Just my own thoughts, but a better way to organize the conference for football

I’ve got an idea for reorganizing the existence conference setup for football. Divisions are no longer a requirement to hold a championship game. In fact, conference games appear to be losing their cache nationally with a lot of talk about eliminating them in order to expand the playoff. If that happens, this idea works, certainly better than the existing divisions. This is kind of a take off on the “Cooler” division idea that was circulating when we joined and the PAC split into divisions. First off, we need to preserve traditional geographic rivalries, as evidenced by the California schools demanding they play each other every year, regardless of divisions.
Here goes, split the PAC into 3 groups, California, Northwest, and Mountain/Desert. You always play those 3 schools every year. Then, you play 3 of the teams from the other 2 “divisions” on a 2 year rotation-like we currently do with the northwest schools. That way, every school is guaranteed 3 games vs. California schools and at least 1 game in California every year, and 2 games in California every other year.
With this setup you keep the 9 game conference schedule, which is a big deal to this Conference. Plus, you increase the odds that the top 2 teams meet for the championship- if that game continues- regardless of geographic divisions. If the championship game doesn’t continue, you simply send the team with the best conference record.
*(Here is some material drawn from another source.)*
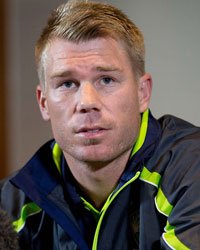 David Warner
This year that would’ve been a tie between Utah and Oregon, with likely Utah getting the nod because of ranking. Not ideal, knowing what we know now, but if Conference Championship games get eliminated, Utah probably would’ve gotten the nod this year. So, we are really losing nothing.
What do you all think?

I like it.
In my diatribe on another thread, I wanted to convey the same type concept. Breaking up the myths of conference dominance without loosing the tradition within.

1 Like

This is the old POD organization that was discussed when the PAC12 was formed. It was ultimately rejected because it gave some teams less access to the California recruiting areas. It also makes it harder to pare down to two teams to play off in the championship game, and while there is talk of replacing those games it’s not gonna happen for another 5-6 years.

1 Like

If all things were equal, this is a good idea. Unfortunately, all things aren’t equal. The great unequalizer is the money. Just look at the differences between the P12 and MWC. Money buys facilities. Money buys access. Money rules the bowl system and the NCAA…and nobody is giving up their money.
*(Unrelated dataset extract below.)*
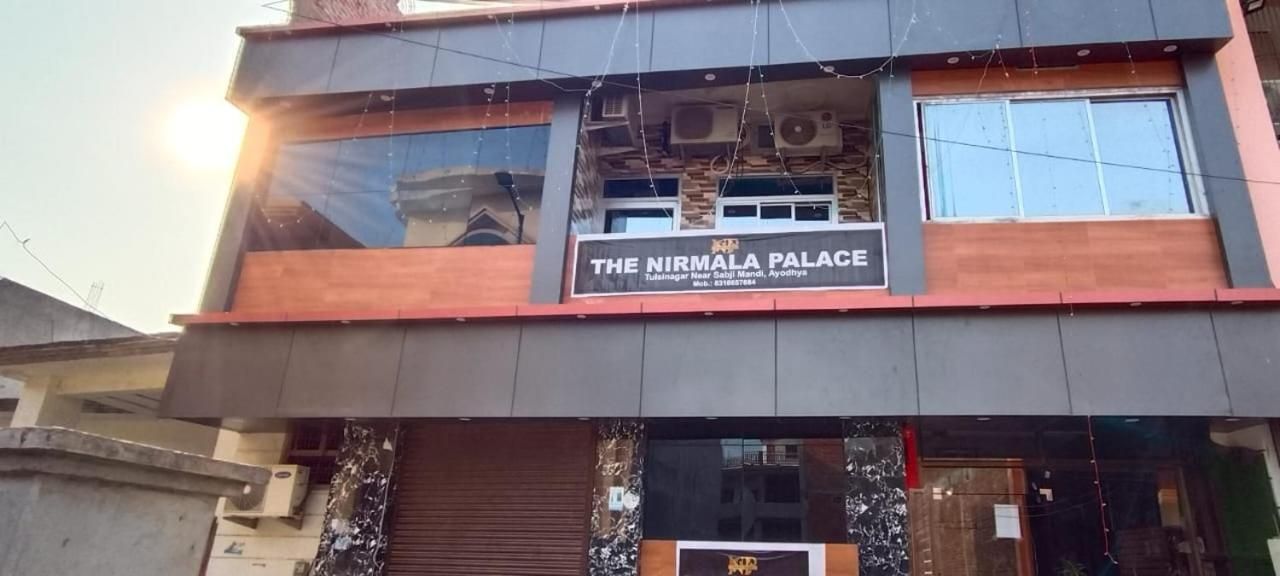 The Nirmala Palace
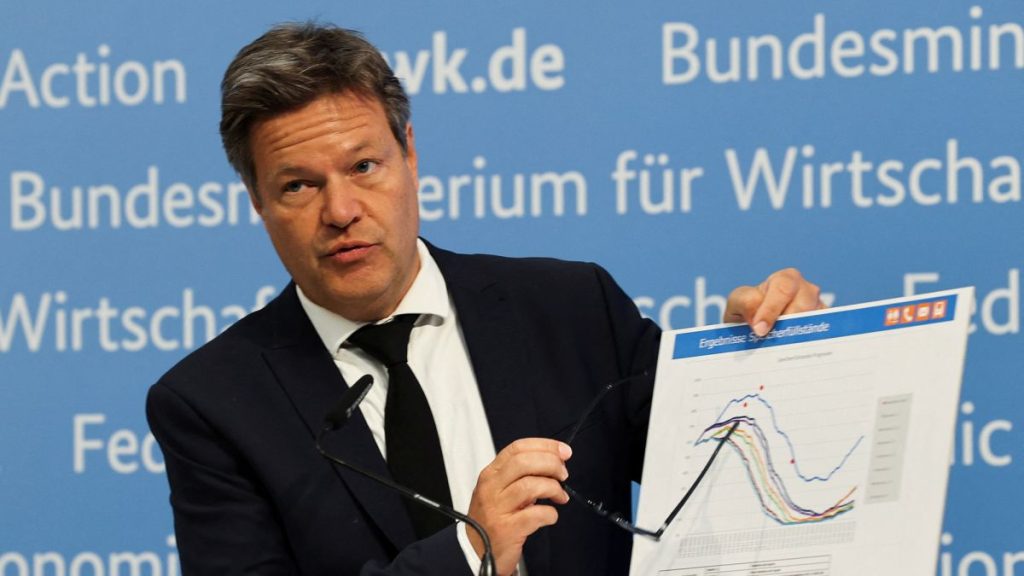 La crisi del gas in Germania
D1-A will always have a MNC, even if they expand the playoff under the current construct.

1 Like

I believe you can’t have a CCG between non-division winners unless everyone in conference plays everyone else.

1 Like

I like the current set-up better than what you propose because I like playing UCLA and USC every year.

1 Like

These conversations always happen within the constrains of the current system with only mild tweaks. To improve the system significantly we need something more drastic.
It starts with the P5 splitting off into it’s own level officially, not just practically like it is now.
Then we reduce all conferences to 11 teams based on length of conference affiliation, traditional rivalries and geography.(these are in order of priority)

This reshuffling would leave us with 9 homeless P5 teams + Notre Dame, so we add 1 G5 team to that mix and a brand new 11 team conference is formed.

Regular season
10 conference games. 2 ooc games against P5(P6) teams(these will determine playoff seeds).

Post season
Round 1(12 teams)
Top 2 teams from each conference play a CCG game.

Round 2
6 champions with the top 2 seeds getting a second round bye. Now to avoid the subjective ranking process we currently have the teams will be seeded based on their conference’s ooc record. With 11 teams playing 2 ooc games each that gives a 22 game sample to rank the 6 conference with a much more objective process based on competitive results rather than silly crap like eye tests, top heavy leagues or r.u.t.s.

I can’t think of a plan that removes more of the subjectivity that has poisoned the FBS process of crowning a champion. There are more radical changes that could clean it up more but I think this is the most drastic we could go without completely blowing the whole thing up.

2 Likes

I’m not sure on what the rule is. If that’s the case, my idea is dead. Unless of course they get rid of the CCG in order to do a larger playoff. The money would probably be bigger than what each conference gets from their CCG. But that’s just speculation. And we know the SEC in particular would want more than just their champion to be eligible for the playoffs.
With my idea, you would get 5 champions with auto bids and 3 at large. 1 of those could go to the G5 if they can get ranked high enough.
Again, just thinking out loud.

I would like to see a change, especially since 1 or 2 conferences are left out every year.

Jim Harbaugh (or is it John, I forget who’s who) proposed an 11 team playoff that includes 3 play-in games that act as a sort of conference championship at the home of the higher seed.

All divisions and conference championship games will go. The top team (of course) gets in.

Then the 8 remaining teams would have playoff games within the current bowl structure.

I know some university presidents and ADs like to whine about “academics,” but let’s be honest about this. College football is not about academics, it’s about cold hard cash.

If I were named Emperor of the CFP, I’d probably do it this way. Also, I’d have a rule that BYU is not a P5 school until they get into a conference. Like that would ever happen.

I like it. Take the 5 P5 champions, 3 teams at large, and let the G5 come up with 3 champs or whatever, any way they want. The 4 vs 5 game would guarantee one great game the first weekend. To improve the schedules, count the wins against P5 and ranked teams only to incentivize better scheduling related to the 3 at large teams. Use a ranking like the current playoff ranking to let folks know where they stand. This also allows a conference with multiple great teams spots for up to 4 teams if they are all in the top 8 - to make the SEC happy. Who can’t be happy with that? If the round of 8 play before the holidays, the season is about the same. Students are out of school pretty much for the last two rounds. To make the bowl owners happy, offer them spots in the playoffs and let the other bowls continue as usual with the teams beyond the 11.